Don’t bring it to mainland China yourself. Customs will arrest you. We have ways you don’t need to know or worry about.
Unlike selling locally in Hong Kong, the export of dried seahorses to mainland China requires licenses, which can put off potential sellers.
“Don’t bring it to mainland China yourself. Customs will arrest you,” a salesperson at a dry seafood shop in Mong Kok, a major Hong Kong commerce center, can be heard saying in a covert filming. “We have ways you don’t need to know or worry about. We have customers in mainland China,” he added.
The seller also claimed that their dried seahorses come mainly from the Americas, including Mexico, and are imported by suppliers of medicines to the TCM industry. The staff explained that a delivery service can be provided for an additional fee of HK $200 (US$26) but that no regular couriers would take the order.
Did you know…
There are believed to be up to 71 different species of seahorse, of which four inhabit the Mexican seas
“It is not easy to cross the border with goods. We have to seek the help of others. Anyway, we have our own ways. You know, we still have to supply products to restaurants in Shenzhen,” said the seller.
“There is no way you can send dried seahorses to mainland China using the proper procedures. The only way to do it is by trafficking,” said another owner of a dry seafood shop in Sheung Wan district.

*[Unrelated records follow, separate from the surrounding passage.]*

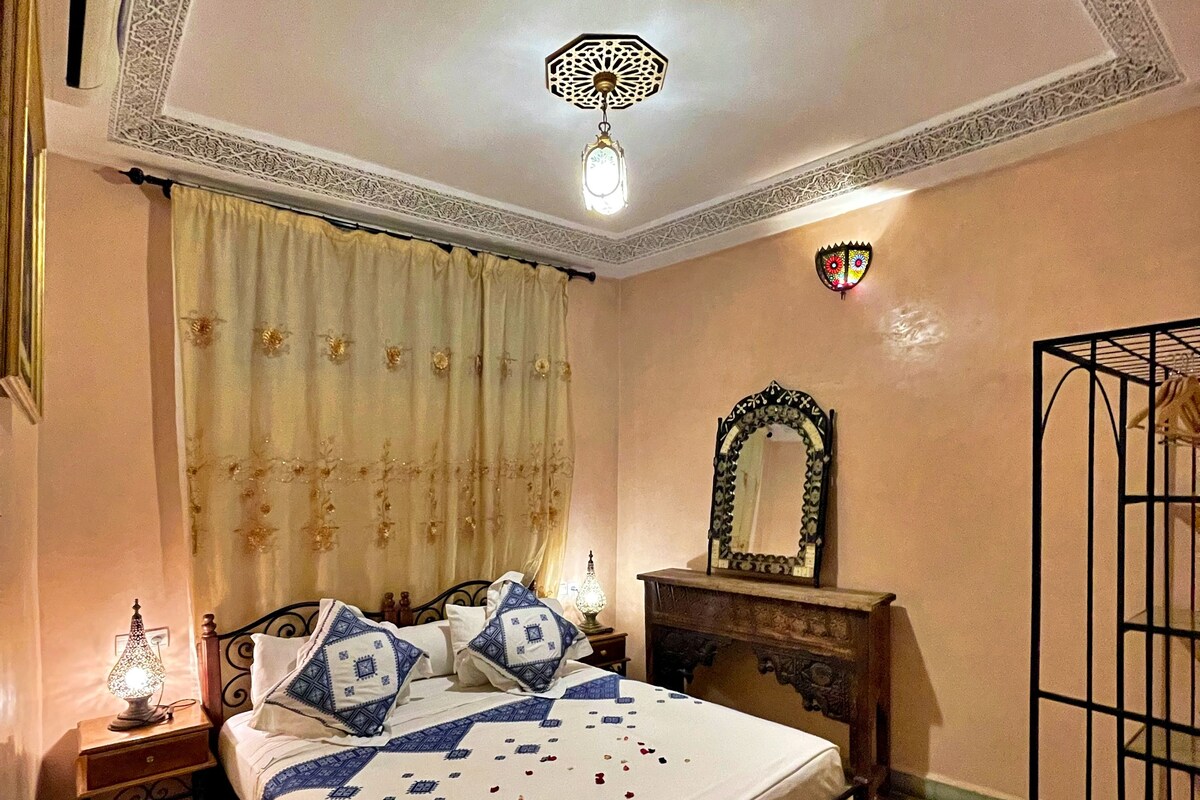 A bedroom with a bed, a nightstand, a lamp, a mirror, and a decorative ceiling light.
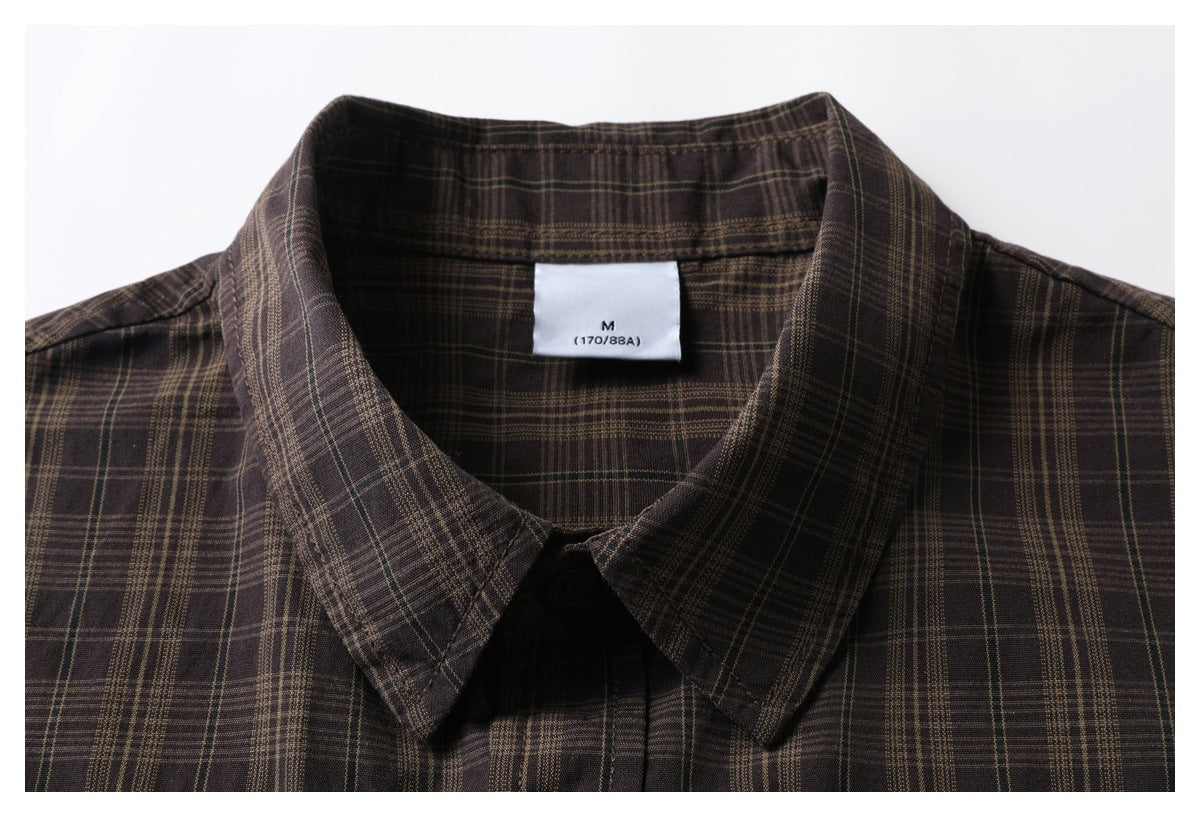 Close-up of a dark brown plaid shirt collar with a white M size label.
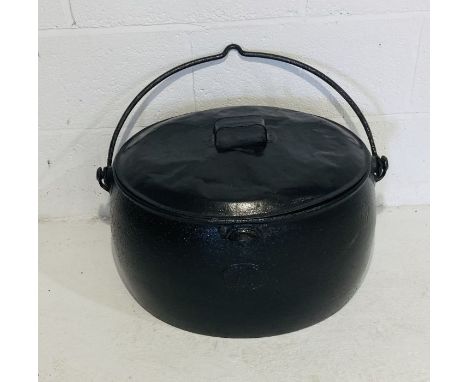 A vintage cast iron lidded cauldron
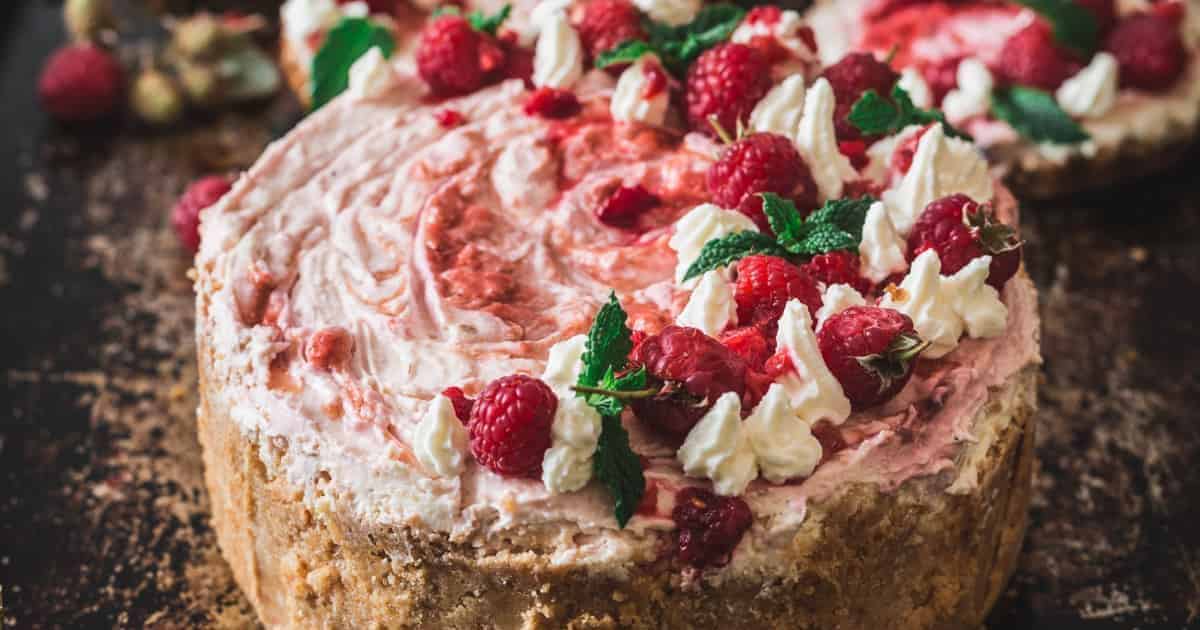 A raspberry cheesecake topped with whipped cream, fresh raspberries, and mint leaves on a dark surface.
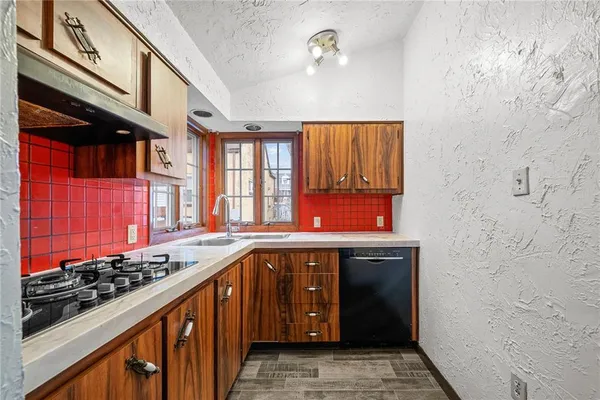 a kitchen with stainless steel appliances a stove and a sink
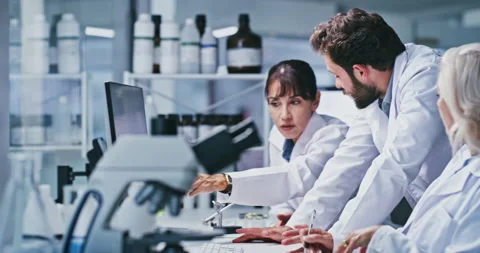 People, team and scientist with computer at lab, talk or point for review with Stock Footage 330080692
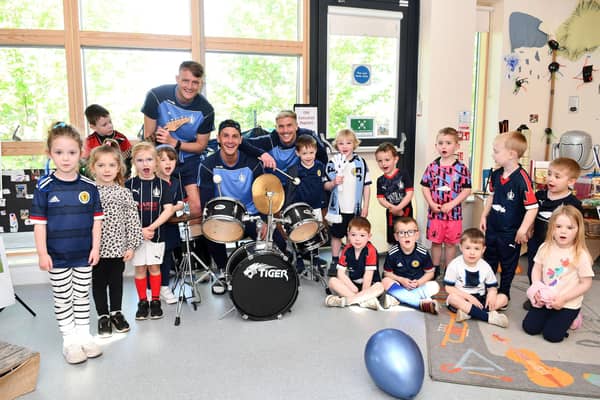 Falkirk FC footballers Tom Lang, Liam Henderson and Coll Donaldson attend the Larbert childcare centre ahead of trophy day.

The owner explained that applying for export licenses involves heavy taxes, but that he could offer help: “I can help you fix this, no matter what asset it is. If people are willing to take your money, it can be done.”
Traditional Chinese Medicine drives demand
According to Zhang Shiping, associate professor at Hong Kong Baptist University School of Chinese Medicine, TCM believes that seahorses help strengthen the kidney and balance the Yin-Yang.
“It works thanks to seahorses’ sex hormones. The sex hormones in our body decrease due to aging, so older people may need to take them,” said Zhang.
They can lift the bans and take steps towards a legal and sustainable trade. For the seahorse trade, at least, there are tools to do it correctly
Although some TCM practitioners prescribe seahorses, Zhang stressed that culinary uses – in soup or wine – are more common in Hong Kong and mainland China and have fewer side effects.
Zhang also said that seahorses can be substituted for some herbs that share similar healing properties, But while substitute products are encouraged, demand endures.
For Foster, bans on the seahorse trade aren’t working and high costs and difficulties in obtaining permits for their legal sale, in Mexico, Hong Kong and Mainland China serve only to encourage an illicit trade. In the absence of effective enforcement measures, the very least parties could do is ensure the trade works within the existing international framework for the protection seahorses.
“They can lift the bans and take steps towards a legal and sustainable trade. For the seahorse trade, at least, there are tools to do it correctly.”